Principal Stephanie McConnell told the ABC pupils will be evaluated ‘but perhaps not in the way we understand assessment in a traditional environment’.
‘A student might choose a particular point in time when they feel they can demonstrate the learning required to meet a particular learning outcome.’
There is no classrooms with teaching instead being done around ‘waterholes’ which are spaces dedicated to big groups, ‘campfires’ – spaces for small groups working with a teacher and ‘caves’ – spaces for children who want to work on their own.
Not everyone loves the concept though
Many people weren’t convinced this type of educational system was a solution to current learning problems.
One woman wrote: ‘I sort of cringed while watching this. I think giving kids real life problem solving skills is great but there’s so many aspects of this model that are unrealistic.
‘Wouldn’t this model be better if it was paired with traditional learning, particularly English and maths so they actually have the foundational knowledge to be able to solve the problems?’
Another questioned the school’s model of progressing children by ability rather than by age and assessment.
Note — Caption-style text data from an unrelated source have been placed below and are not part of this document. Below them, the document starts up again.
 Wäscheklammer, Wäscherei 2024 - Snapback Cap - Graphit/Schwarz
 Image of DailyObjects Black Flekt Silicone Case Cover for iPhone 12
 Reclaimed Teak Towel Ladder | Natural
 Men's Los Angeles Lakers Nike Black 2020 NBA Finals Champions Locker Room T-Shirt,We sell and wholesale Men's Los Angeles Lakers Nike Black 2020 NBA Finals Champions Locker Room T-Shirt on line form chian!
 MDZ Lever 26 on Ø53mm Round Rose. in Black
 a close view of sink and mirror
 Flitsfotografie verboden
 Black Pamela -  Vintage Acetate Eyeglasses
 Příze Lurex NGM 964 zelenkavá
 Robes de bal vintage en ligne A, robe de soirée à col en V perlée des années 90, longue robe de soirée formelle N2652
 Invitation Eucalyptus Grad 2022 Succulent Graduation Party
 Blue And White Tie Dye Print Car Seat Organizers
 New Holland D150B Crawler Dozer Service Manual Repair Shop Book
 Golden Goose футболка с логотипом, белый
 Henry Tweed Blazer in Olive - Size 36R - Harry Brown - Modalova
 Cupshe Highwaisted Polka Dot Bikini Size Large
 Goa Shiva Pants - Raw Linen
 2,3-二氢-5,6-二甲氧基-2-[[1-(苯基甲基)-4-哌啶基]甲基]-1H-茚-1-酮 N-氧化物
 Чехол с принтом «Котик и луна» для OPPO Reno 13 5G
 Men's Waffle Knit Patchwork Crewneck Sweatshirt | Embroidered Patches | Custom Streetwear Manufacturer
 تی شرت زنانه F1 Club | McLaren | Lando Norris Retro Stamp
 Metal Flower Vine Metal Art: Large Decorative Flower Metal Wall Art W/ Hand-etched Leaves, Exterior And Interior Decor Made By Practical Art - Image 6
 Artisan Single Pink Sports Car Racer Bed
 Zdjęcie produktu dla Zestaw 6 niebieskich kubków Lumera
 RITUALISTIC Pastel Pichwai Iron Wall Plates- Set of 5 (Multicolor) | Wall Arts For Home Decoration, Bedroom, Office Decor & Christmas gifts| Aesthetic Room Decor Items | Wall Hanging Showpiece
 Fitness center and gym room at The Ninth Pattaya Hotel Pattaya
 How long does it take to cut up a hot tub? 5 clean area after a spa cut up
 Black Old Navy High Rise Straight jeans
‘The problem with these educational fads is that they think they have to abandon everything that is ‘old’ when in reality the answer is somewhere in the middle.’
Another said, ‘I taught in a school with a similar approach/philosophy. It was beneficial for some students, but for many, it failed the students, which is why I had to leave after 2 years.
‘Let’s hope this new school has done their research. I hope it works well and is a great success because our current education system needs an overhaul.’